Mr John Numamanya, a Umeme metering technician, shows a pre-paid meter that had been tampered with. PHOTO BY S. OTAGE
In Summary
Speaking to public relations practitioners and professionals about the company’s operations in Kampala last week, Mr John Nuwamanya, a metering technician at Umeme, said most pre-paid meters that have been tampered with belong to large industrial consumers who use a lot of power
Power company Umeme Limited, has said manufacturers are the biggest culprits of a wave of vandalism targeting its pre-paid electricity meters that were installed around the country recently.
Speaking to public relations practitioners and professionals about the company’s operations in Kampala last week, Mr John Nuwamanya, a metering technician at Umeme, said most pre-paid meters that have been tampered with belong to large industrial consumers who use a lot of power.
These, he said, tamper with the meters to try and maximise profits but instead end up paying fines for fraud.
“The biggest culprits are the grain and maize millers.
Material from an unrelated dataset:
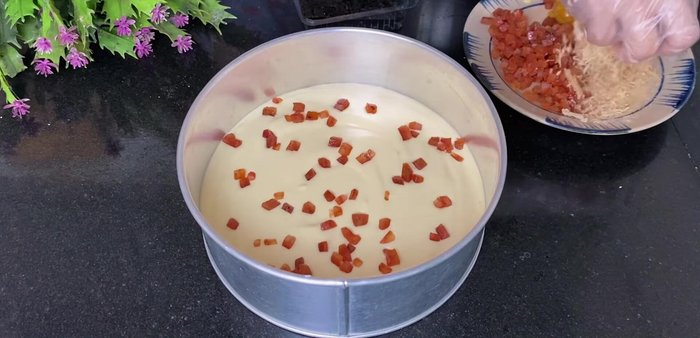 Layer the cake: Pour half of the batter into the prepared pan. Add Lap Xuong, salted egg floss, and seaweed leaves. Pour the remaining batter on top.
The others are processing factories that put foreign components on the meters to disturb accuracy of readings, meter bypass, some install resistors and capacitors on the meters,” Mr Nuwamanya said.
He added that other forms of meter tampering include installation of wrong programmes on the meters so that they post wrong readings yet power is being consumed.
“We have found cases where meters are set to take wrong meter readings yet power is being consumed and sometimes the meters have been bypassed so that they do not reflect any power consumption at all,” he said.
Robert Tugume, another metering technician within the department said most of the culprits have been duped to tamper with the meters by former Umeme employees who were sacked from the company over such fraud claiming that they can help the customers save on power consumption by tampering with the units.
“We know all the culprits but being an ISO registered company, we are not allowed to name them in the press,” he said when pressed to name the culprits.
Asked what why they are not prosecuting the culprits, Umeme head of corporate affairs Henry Rugambwa said the main challenge Umeme faces is lack of an appropriate legislation because after paying the fine, the culprits have to be reconnected.
user-friendly yaka
Since 2014, Umeme embarked on replacement of all its post-paid electricity meters with Yaka – the pre-paid meters that were widely publicised as user-friendly and were hoped to help the company reduce power losses due to electricity theft.
However, just like it is done with water, it appears users who own properties that consume a lot of electricity, have continued to lead the pack of power thieves, cheating the wider public of the coveted public utility services.